= Alex Poole =

American multi-instrumentalist musician

Alex Poole (born October 4, 1986) is an American multi-instrumentalist musician from Nashville, Tennessee. Poole has prolifically contributed to the black metal genre, having led or contributed to a number of bands, including Chaos Moon, Manetheren, Krieg, Skáphe, Martröð, and Gardsghastr. He has also played live with a number of bands to fill in for missing guitarists or bassists over the years (e.g. Adzalaan, Benighted in Sodom, Dagger Lust, Heimnar, In Ruins, and Triumvir Foil).

== Stage names ==
Alex Poole first recorded music under Alexander during his project, Troglodytic. After that, he used Esoterica as a pseudonym up until 2012 when he began releasing music under a band with the same name. At that point, he began using A. Poole as his stage name. Still later in his career in 2016, Poole began using his initials, A.P., as a pseudonym.

== Music career ==

=== Early independent work in Nashville (2000 – 2011) ===
Poole began to independently record and release black metal in Nashville, Tennessee with his bands Troglodytic (2000 – 2004) and Coffin (2004). He recorded multiple EPs and demos between 2000 and 2004 which have a lo-fi quality and an ambient black metal style.

In 2004, Poole also started the first incarnations of Ringarë and Chaos Moon. Poole started Ringarë by playing all instruments and independently releasing an EP and a Demo. However, it wasn’t until 2019 when Swedish vocalist, Likpredikaren, joined Ringarë that they release their first full-length album, Under the Pale Moon, on Iron Bonehead Productions. Its symphonic black metal style has been compared to Dimmu Borgir, Deafheaven, and Wolves in the Throne Room.

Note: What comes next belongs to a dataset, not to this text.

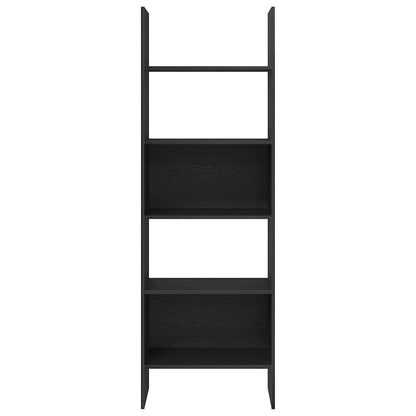 Book Cabinet Black Oak 60 x 35 x 180 cm Engineered Wood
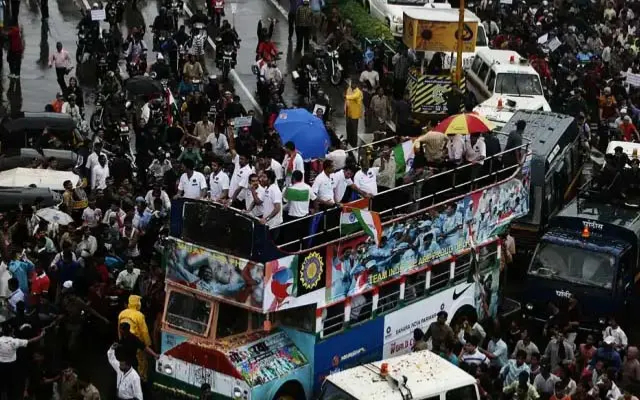 India’s World Cup Victory Parades (1983, 2007 and 2011)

Poole independently worked on Chaos Moon in the beginning as well. That changed in 2007 when he was joined by American vocalist, Mark Hunter, to record albums, Origin of Apparition and Languor Into Echoes, Beyond. The next big line-up change occurred a decade later in 2017 when Poole is joined by Eric Baker (vocals), Steven Blackburn (additional guitars), and Jack Blackburn (drums). Together, they released Eschaton Mémoire which achieved more notoriety than previous Chaos Moon releases. Spyros Stasis of PopMatters says, "It might have taken a while for Chaos Moon to reach this state, a surprising result considering how potent and promising the two early records of the band were. From these diamonds in the rough, Chaos Moon has further explored its sound, and with Eschaton Memoire Poole and company have reached the summit." Moreover, Jacob Buczarski of Mare Cognitum opines that Poole’s “rejection of traditional black metal tropes in favor his own signature method of building atmosphere creates an experience that manages to be both meditative and punishing simultaneously.” Regarding Eschaton Mémoire, Decibel comments, “While guitarists Alex Poole and Steven Blackburn ensorcell the din and beauty of the two-part “The Pillar, the Fall, and the Key” songs are easy rabbit holes to fall into, Eric Baker growls and squawks an end-time message that paints a very dark picture. The Philadelphians are journeymasters, able to cast off into dreamland with the quickest of turns or descend into the vantablack abyss with ease, often within the same song.”

=== Collaborations and moving to Philadelphia (2012 – 2015) ===
In 2012, Poole expanded his style with Esoterica which tended to have more Ambient music and Shoegazing components than Chaos Moon. Esoterica's first EPs, Idololatriae and Knell, were both released independently. This was followed up by their full-length album, Aseity, in 2013. On Aseity, Poole (vocals & guitars) was joined by Steven Blackburn (bass) and Jack Blackburn (drums) who would go on to become long-time collaborators with Poole.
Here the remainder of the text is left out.